Hanoi (VNA) – Le ministère de la Santé a ordonné des mesures urgentes pour contenir une épidémie de syndrome main-pied-bouche (MPB) qui s’aggrave rapidement, notamment à Hô Chi Minh-Ville, où le nombre d’infections, de cas graves et de décès est en hausse.
Dimanche 29 mars, une délégation conduite par la vice-ministre de la Santé, Nguyên Thi Liên Huong, a effectué une inspection sur place des efforts de prévention et de contrôle des maladies dans la mégapole du Sud, alors que l’on craignait que l’épidémie ne s’intensifie et n’exerce une pression croissante sur le système de santé.
Selon le Centre de contrôle des maladies de Hô Chi Minh-Ville, les établissements de santé locaux ont recensé 10.886 cas de syndrome main-pied-bouche au cours des douze premières semaines de 2026, dont 1.992 hospitalisations et 221 cas graves. Il est à noter que le nombre de cas graves a augmenté rapidement, certains patients présentant une détérioration rapide nécessitant une intervention médicale intensive.
Au total, 332 foyers de contamination ont été recensés dans la ville, dont 181 dans des écoles et 151 au sein de la communauté.

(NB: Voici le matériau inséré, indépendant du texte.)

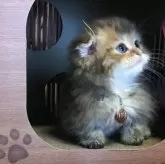 ミヌエット(短足)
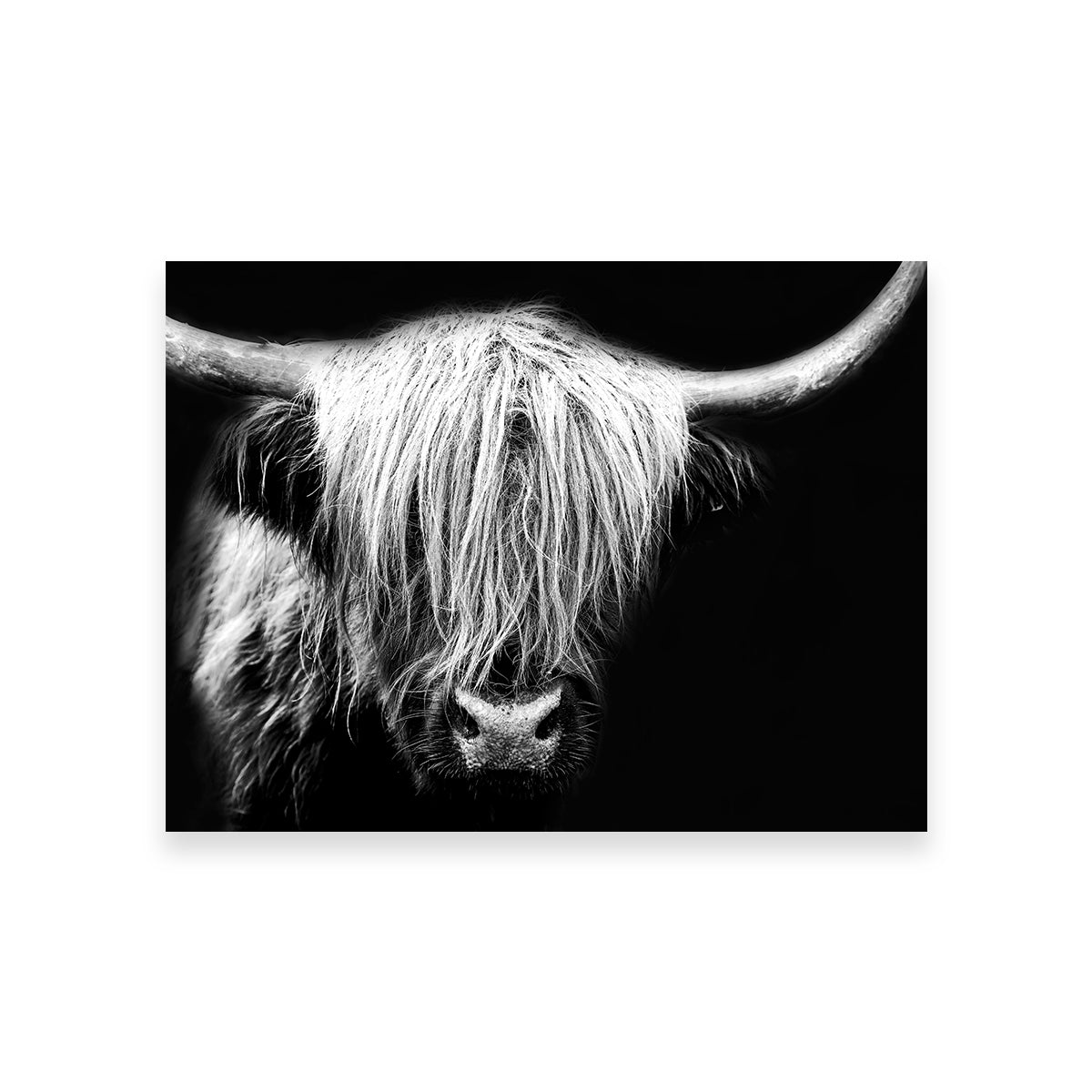 Grayscale Highland Cow Wall Art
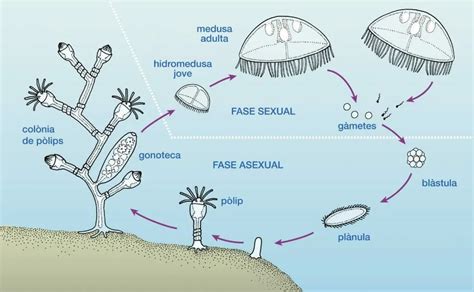 Consecuencias De Las Picaduras De Las Medusas Qué Hacer Y Qué No Si Te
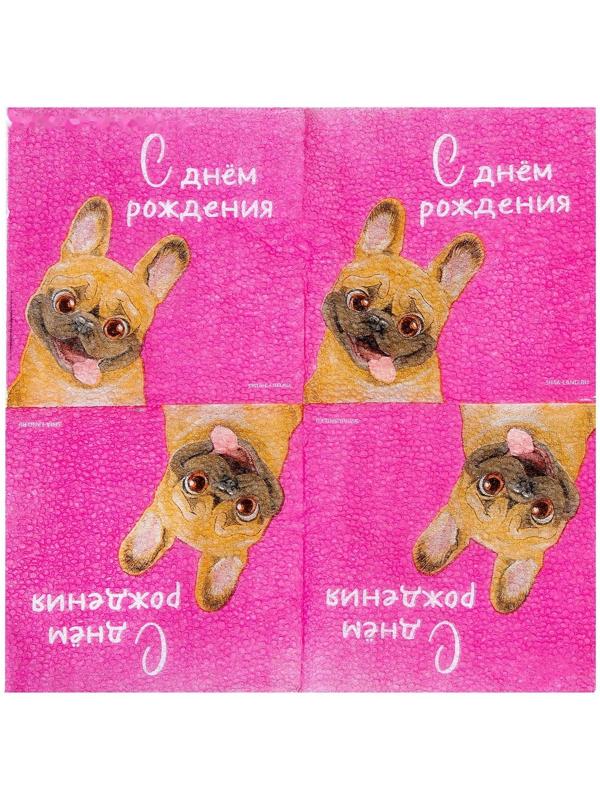 Салфетки бумажные «С Днём Рождения», пёсель, 24 х 24 см, 20 шт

Les experts de la santé s’inquiètent particulièrement de la réapparition du virus EV71, une cause majeure de complications graves, qui représente environ 24% des échantillons testés depuis fin 2025.
La situation ne se limite pas à Hô Chi Minh-Ville. Dans le Sud, l’Institut Pasteur de Hô Chi Minh-Ville a signalé huit décès liés à la maladie pieds-mains-bouche, dont quatre dans la ville même et un dans chacune à An Giang, Cân Tho, Dông Nai et Dông Thap, soulignant ainsi la gravité croissante de l’épidémie.
À l’Hôpital pour enfants n°2, des centaines de cas ont été admis au cours des trois premiers mois de l’année, dont beaucoup nécessitent une ventilation assistée, une dialyse et même des interventions de réanimation avancées telles que l’oxygénation par membrane extracorporelle (ECMO). Dans les cas les plus graves, la maladie peut progresser en 24 heures, entraînant des complications affectant les systèmes nerveux, cardiovasculaire et respiratoire.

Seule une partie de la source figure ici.